Re: [Gtk-gnutella-devel]GTKG chooses wrong charset/encoding for filenames on disk

Christian Biere Wed, 28 Sep 2005 05:09:31 -0700

Haxe wrote:
> On Tuesday 27 September 2005 18:25, Christian Biere wrote:
> > It's not a bug.
 
> I think it's a POSIX violation, IIRC (see below).


No, I don't think so. Otherwise, please show me what part of POSIX
says anything about the encoding of filenames.
 
> > For almost all Unix-like systems the encoding of filenames is
> > completely irrelevant, they are handled as opaque binary byte
> > strings.

> I know, and I completely agree with this.
> This is why it's the application's responsibility to interpret this byte 
> string in the way the user wants.

Assuming you mean "display purposes" I agree.
 
> So there must be a way to tell applications how a given byte string 
> should be interpreted. This could theoretically be done by an 
> application-specific preference setting. But instead, POSIX suggests to 
> use a locale setting for this purpose.

Not quite. POSIX just says that the encoding affects the behaviour
of tolower, toupper, isalpha, isdigit and so on. It also says that
any other uses/effects of the LC_CTYPE variable are implementation-
defined. If LC_CTYPE is unset, the enconding is derived from LC_ALL
or LANG and I read the former statement that effects beyond the
behaviour of those ctype functions are still implementation defined.
To the best of my knowledge, POSIX does not tell anything more
about filenames other than there might be a maximum acceptable
length and that they're NUL-terminated - although the latter is
rather implicit than explicit. At the moment, I can't tell whether
'/' slashes i.e., path separators are mentioned anywhere.
 
> > Actually, "[EMAIL PROTECTED]" does not imply any
> > character set.
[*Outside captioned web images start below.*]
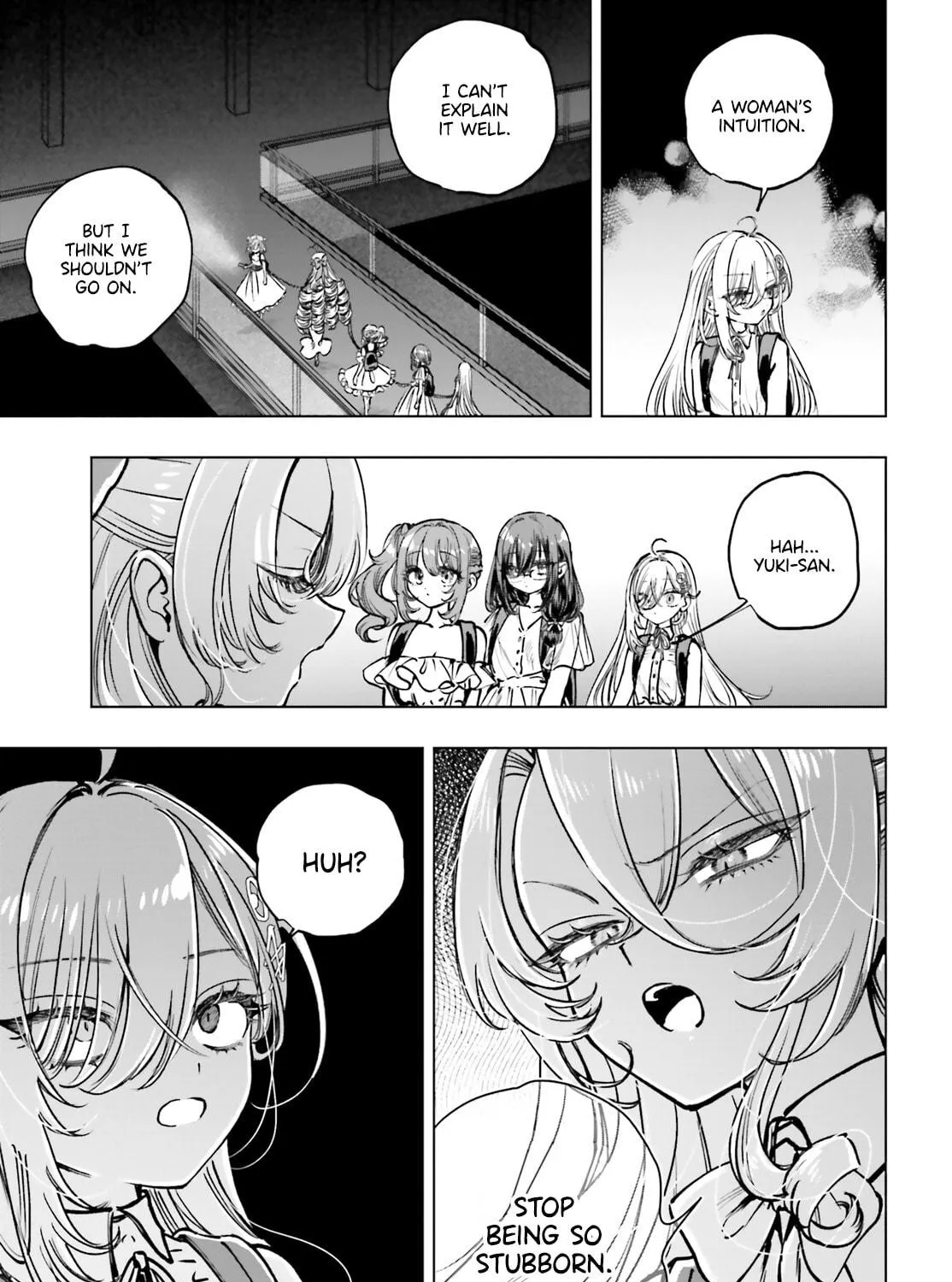 Shibou Yuugi de Meshi wo Kuu. Chapter 15 page 39 - 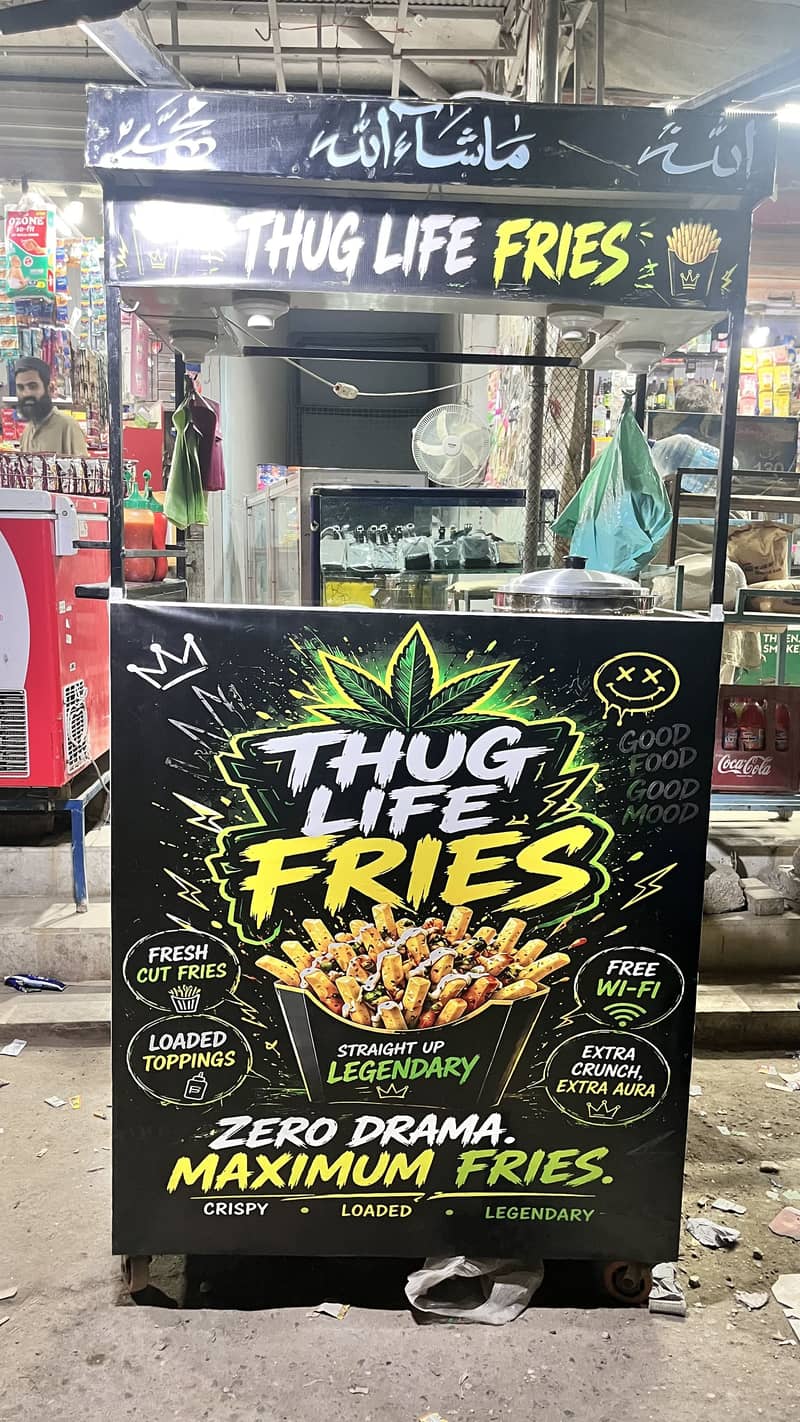 Chips stall Sab Saman *Read Description* - Food Stalls - 1120917968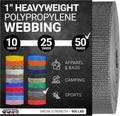 Heavyweight Polypropylene Webbing - Heavy Duty Poly Strapping Made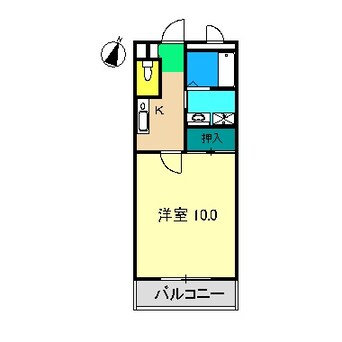 間取図 カレッジヒルズ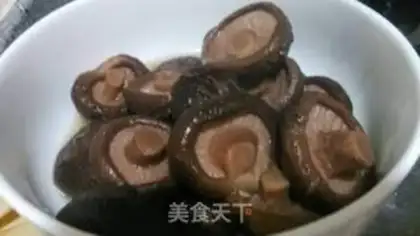 Make Puffy mushrooms step 0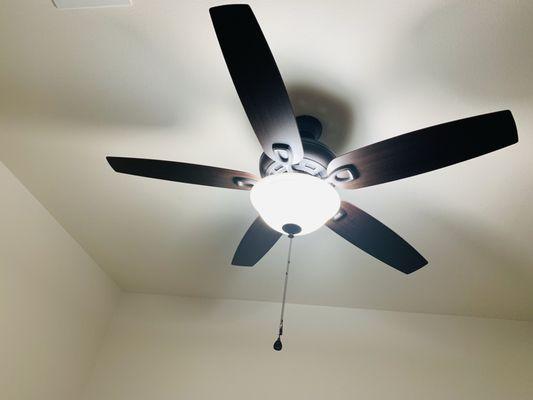 We love these cool ceiling light fans :) !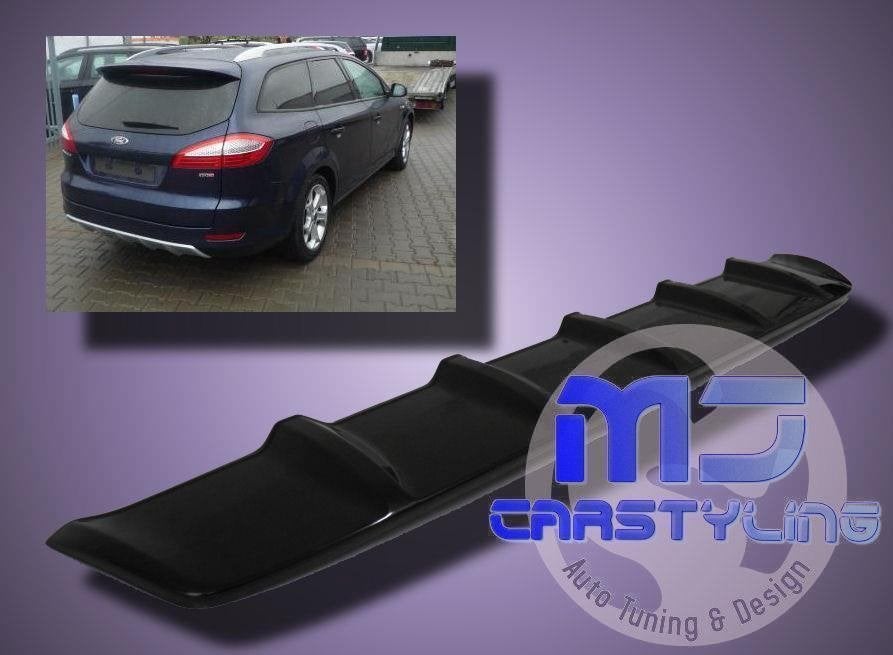 Ford Mondeo MK4 SW - Achterbumper spoiler, Ophalen of Verzenden, MJ-Carstyling, Info@mj-carstyling.net, Sibeliusstraat 81 5011JH Tilburg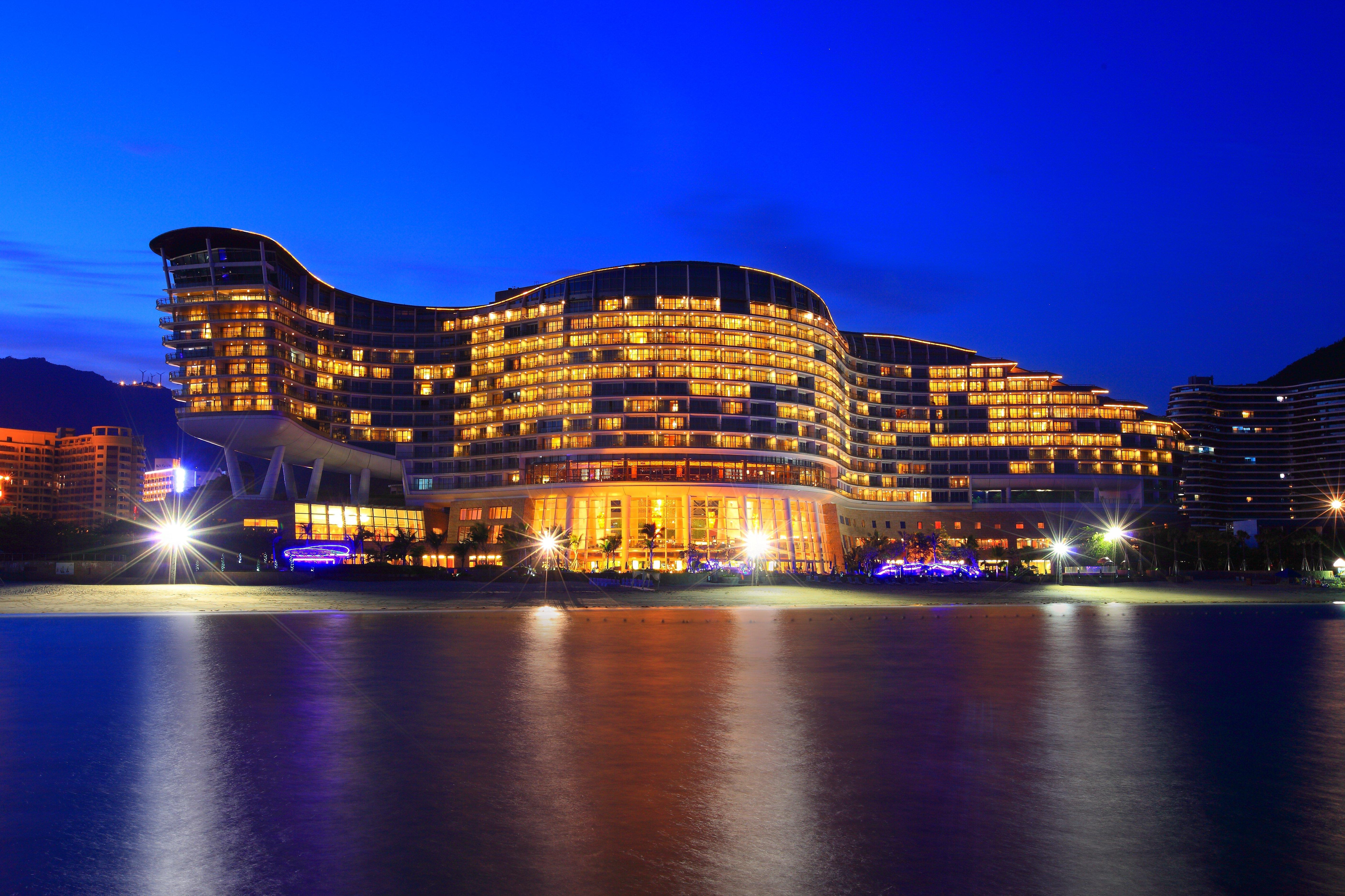 Intercontinental Shenzhen Dameisha Resort By Ihg Ngoại thất bức ảnh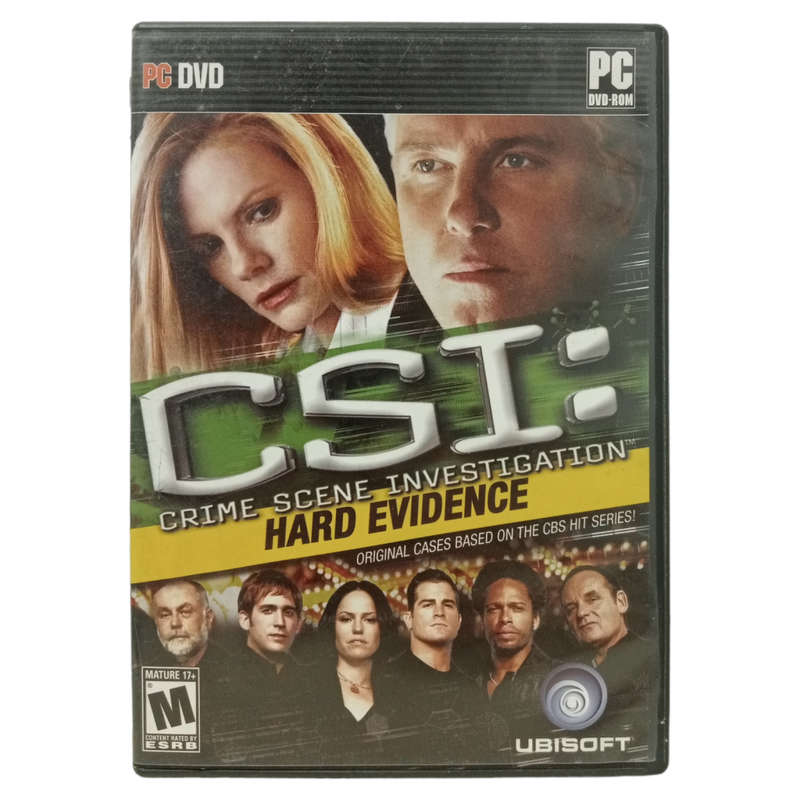 CSI: Crime Scene Investigation - Hard Evidence PC (DVD)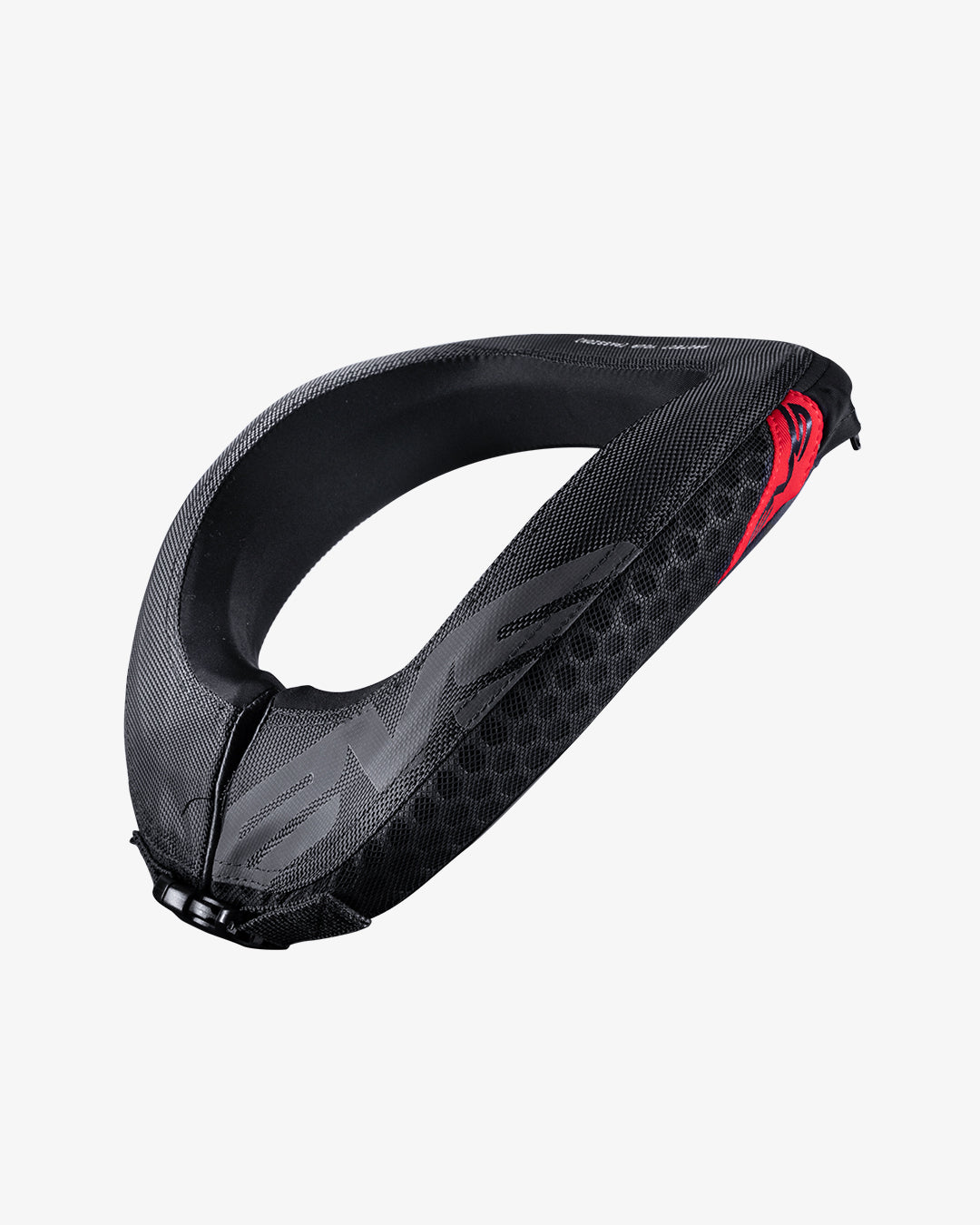 2026 R2 Race Collar EVS Sports black neck brace with red accent on Tampa Home & Garden Store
It's just a language preference.

> I think that's not true. A locale also contains information about 
> character encoding. This information is supposed to be taken from the 
> locale specified in LC_CTYPE (whereas LANG is the "general" language 
> preference). [EMAIL PROTECTED] implies iso-8859-15.

That's really implementation-defined i.e., a property of the OS
you use or possibly even just its current configuration. That
means it could as well have UTF-8 or whatever as default encoding
for "[EMAIL PROTECTED]". If you check the output of "locale -a" or
your locale directory (/usr/share/locale, /usr/lib/locale or the
like) you probably (not necessarily) find directory names like
de, de_DE, de_DE.ISO-8859-1 de_DE.ISO-8859-15. Of course the "@euro"
leaves only two options in practise: UTF-8 or ISO-8859-15.
Actually, POSIX does not even define the name of any encoding
so some OS accept iso8859_1 while others use ISO8859-1 or
ISO-8859-1 etc.

Funny enough isalpha(), isdigit() etc. cannot work reliably
with multi-byte encodings like UTF-8 or EUC-JP because these
functions look only at single bytes. At the moment, I don't
know what's the standard to figure out whether the current
locale uses a single byte or multi-byte encoding and I don't
know the multi-byte equivalents for those functions but
suspect there are none.

Keep in mind that the language specifier is rather about stuff
like date format, monetary format, number format and language use
for messages. All of these can be set indepently using the
respective LC_* variable. If you use LANG or LC_ALL instead the
other values will be derived or overriden.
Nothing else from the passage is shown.